Sepertinya orang - orang disini sudah mengetahui bahwa aku kekasih Deinia. Mereka tak menanyakan diriku siapa. Mereka hanya berjalan dan menatap diriku. Tak lama, perempuan bersama anak kecilnya mengajak aku keluar dari kamar pasien. "Sebelumnya maaf kalau kita terkesan acuh kepadamu. Sejujurnya saya sendiri kecewa saat melihat sebuah bingkisan ini dan menemukan sebuah surat yang ternyata ada nama kamu disini." Perempuan itu yang merupakan kakak Deinia
langsung memberikan aku bingkisan dan waktu untuk membaca surat yang tak tau berisi apa.
Dua Minggu yang ternyata sebuah waktu pendek bagiku, bagi Deinia adalah waktu yang panjang. Selama dua minggu itu, Deinia tanpa memberikan sebuah pengumuman kalau dia sedang sakit membuat diriku seperti seseorang yang berdosa. Dalam dua minggu aku hanya berfokus pada Classy, dalam pikiranku hanya Classy yang harus aku jaga.

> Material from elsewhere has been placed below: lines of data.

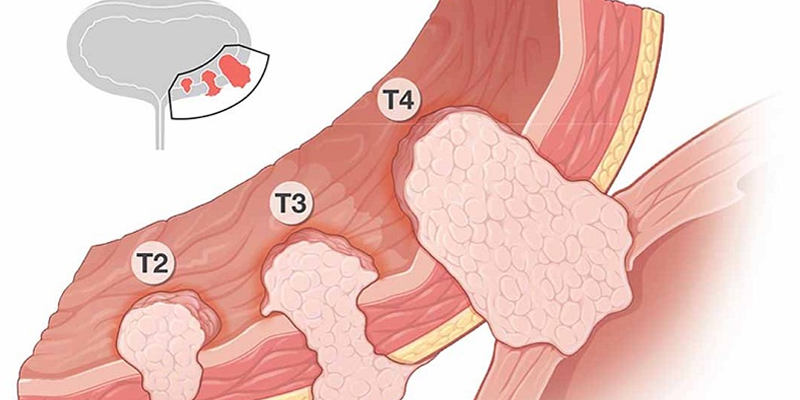 Dựa trên mức độ xâm lấn của khối u mà ung thư bàng quang được chia thành 4 giai đoạn
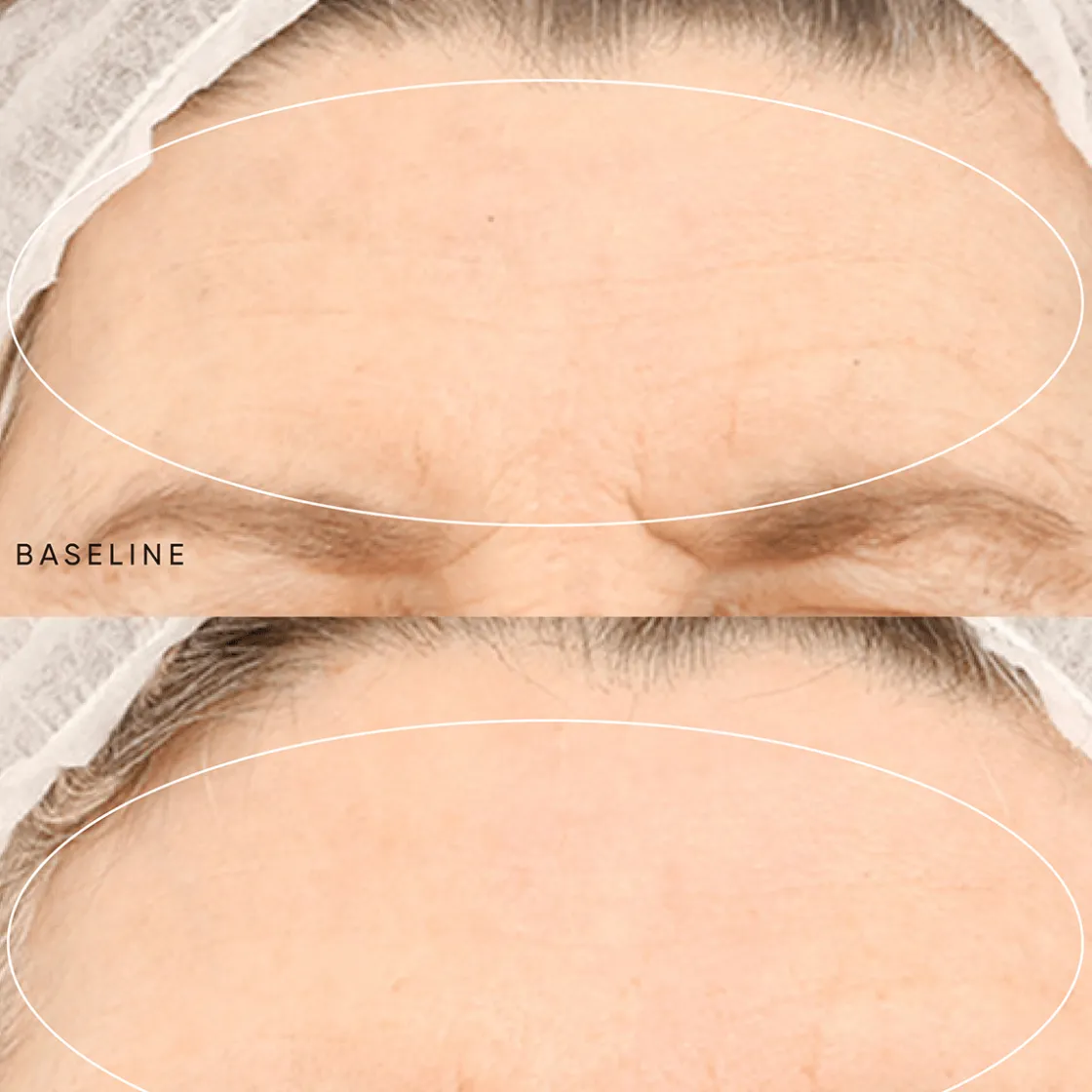 Irene Forte Night Renewal Travel Kit Hot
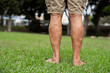 © sutulastock - Elderly Man's Bare Legs with Varicose Veins in a Park, Standing on Green Grass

"...Sehat - sehat ya. Aku harus sehat juga, agar kamu tak perlu memikirkan diriku, jagain Classy juga biar kamu tenang hidupnya."
Salah satu kalimat yang membuat aku ingin menghakimi diriku sendiri. Aku tak bisa membagi waktu antara sahabat dengan kekasih, hingga salah satu dari mereka harus aku alihkan fokusnya.
Di malam hari, aku menikmati suguhan kopi dengan rokok untuk melepas penat. Aku masih belum menyangka, aku kehilangan dua orang sekaligus dalam satu bulan.
Kejadian yang aku pikir itu mimpi adalah sebuah pengalihan. Aku hanya bermimpi bahwa
Classy baik - baik saja sampai tidak bisa menghabiskan waktu bersama Deinia. Surat itu nyata, aku terbangun dan mendapatkan panggilan dari Kak Seila, kakak perempuan Deinia memberikan kabar buruk setelah satu minggu kehilangan Classy, bahwa aku juga kehilangan Deinia. Ia meninggal tanpa mengetahui bahwa Classy juga sudah terlebih dahulu pergi.
Kejam memang dunia. Tidak ada kebahagiaan yang abadi dihidup ini.